[MATERIAL FOR THIS EXERCISE]

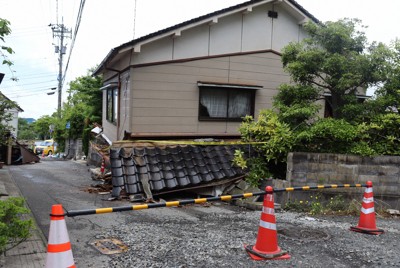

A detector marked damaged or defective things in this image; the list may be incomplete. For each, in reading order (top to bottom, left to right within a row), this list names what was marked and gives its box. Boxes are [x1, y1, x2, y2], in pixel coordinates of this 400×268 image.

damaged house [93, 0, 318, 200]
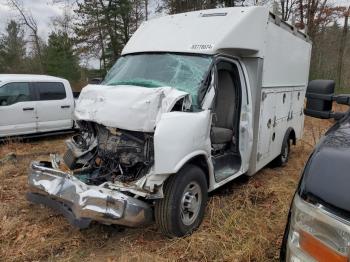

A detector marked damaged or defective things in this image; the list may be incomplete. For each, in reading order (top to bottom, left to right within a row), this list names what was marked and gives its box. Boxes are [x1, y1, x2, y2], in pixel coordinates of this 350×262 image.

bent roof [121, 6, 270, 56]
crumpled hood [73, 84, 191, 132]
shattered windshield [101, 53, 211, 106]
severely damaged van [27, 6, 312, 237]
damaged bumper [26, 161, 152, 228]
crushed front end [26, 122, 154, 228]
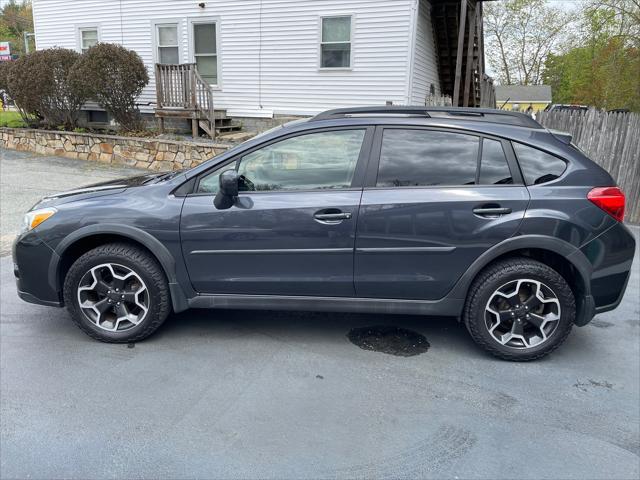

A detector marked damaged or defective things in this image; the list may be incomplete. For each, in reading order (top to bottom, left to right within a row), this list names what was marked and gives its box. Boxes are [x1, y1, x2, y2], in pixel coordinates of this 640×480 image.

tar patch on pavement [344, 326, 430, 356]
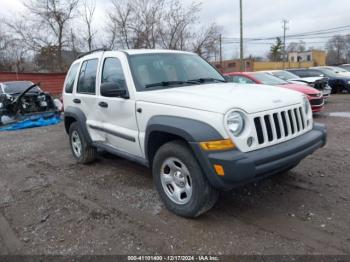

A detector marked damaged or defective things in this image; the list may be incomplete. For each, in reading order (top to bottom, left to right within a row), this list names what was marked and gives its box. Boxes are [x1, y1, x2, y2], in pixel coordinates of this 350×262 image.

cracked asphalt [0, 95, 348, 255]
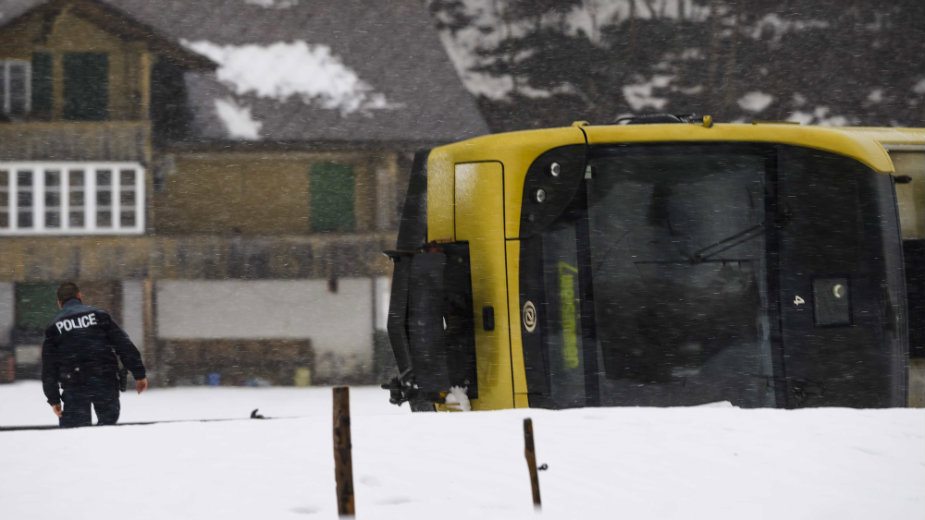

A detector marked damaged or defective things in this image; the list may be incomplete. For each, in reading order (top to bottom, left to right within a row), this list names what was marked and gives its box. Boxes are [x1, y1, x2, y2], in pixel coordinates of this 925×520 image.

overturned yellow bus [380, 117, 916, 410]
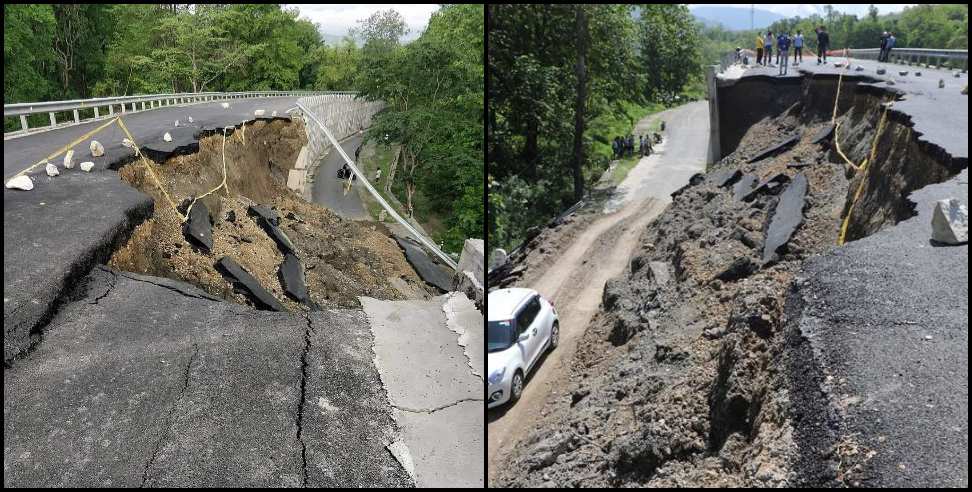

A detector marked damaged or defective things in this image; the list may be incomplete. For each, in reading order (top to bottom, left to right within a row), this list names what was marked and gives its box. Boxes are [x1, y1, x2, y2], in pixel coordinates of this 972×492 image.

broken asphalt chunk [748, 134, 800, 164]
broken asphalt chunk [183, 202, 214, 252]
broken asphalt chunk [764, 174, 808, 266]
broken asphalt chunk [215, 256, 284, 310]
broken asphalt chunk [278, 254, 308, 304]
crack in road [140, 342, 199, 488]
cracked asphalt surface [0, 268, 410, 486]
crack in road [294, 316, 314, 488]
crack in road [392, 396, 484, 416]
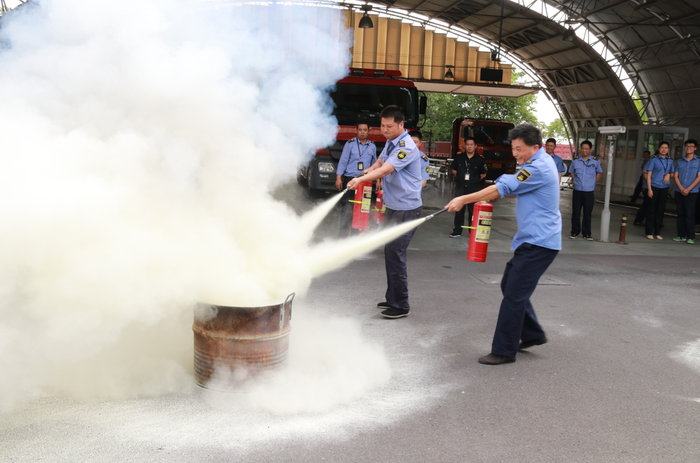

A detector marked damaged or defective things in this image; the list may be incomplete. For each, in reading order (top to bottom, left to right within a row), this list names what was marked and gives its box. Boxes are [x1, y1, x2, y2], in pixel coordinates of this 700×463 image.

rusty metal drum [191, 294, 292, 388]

[/MATERIAL FOR THIS EXERCISE]

◆ **PROBLEM TO SOLVE**
The material above is to be repeated word for word, with no images kept.

◆ **SOLUTION TO THE PROBLEM**
A detector marked damaged or defective things in this image; the list may be incomplete. For each, in reading order (top to bottom, left to right within a row), this list names what was marked and gives its box. Boxes are [x1, y1, x2, y2], in pixel coordinates of this 400×268 image.

damaged house [93, 0, 318, 200]

A detector marked damaged or defective things in this image; the list may be incomplete. For each, in reading order (top to bottom, left to right within a row), this list names what was marked and gives its box. Boxes are [x1, y1, x2, y2], in pixel coordinates of this 350×262 image.

bent roof [121, 6, 270, 56]
crumpled hood [73, 84, 191, 132]
shattered windshield [101, 53, 211, 106]
severely damaged van [27, 6, 312, 237]
damaged bumper [26, 161, 152, 228]
crushed front end [26, 122, 154, 228]

A detector marked damaged or defective things in this image; the list may be incomplete. For each, in reading order (top to bottom, left to right within a row), this list names what was marked and gives its box. Boxes are [x1, y1, x2, y2], in pixel coordinates of this 640×480 image.

tar patch on pavement [344, 326, 430, 356]

A detector marked damaged or defective things in this image; the list may be incomplete. For each, in reading order (top to bottom, left to right within a row), this list names what was marked and gives its box. Boxes are [x1, y1, x2, y2], in pixel coordinates of this 350×262 image.

cracked asphalt [0, 95, 348, 255]

A detector marked damaged or defective things in this image; the list may be incomplete. For each, in reading order (top to bottom, left to right within a row), this list names what was marked and gives its box. Boxes are [x1, y1, x2, y2], in pixel coordinates of this 925×520 image.

overturned yellow bus [380, 117, 916, 410]

A detector marked damaged or defective things in this image; the list may be incomplete. For each, in reading order (top to bottom, left to right within a row), this list names what was marked and gives its box. Boxes are [x1, y1, x2, y2], in pixel coordinates of this 972×492 image.

broken asphalt chunk [748, 134, 800, 164]
broken asphalt chunk [183, 202, 214, 252]
broken asphalt chunk [764, 174, 808, 266]
broken asphalt chunk [215, 256, 284, 310]
broken asphalt chunk [278, 254, 308, 304]
crack in road [140, 342, 199, 488]
cracked asphalt surface [0, 268, 410, 486]
crack in road [294, 316, 314, 488]
crack in road [392, 396, 484, 416]

A detector marked damaged or defective things in this image; the list may be incomplete. For each, in reading order (top to bottom, left to right within a row), this list names what was marked and gives its box. Boxes are [x1, y1, x2, y2], in pixel coordinates of this 700×463 image.

rusty metal drum [191, 294, 292, 388]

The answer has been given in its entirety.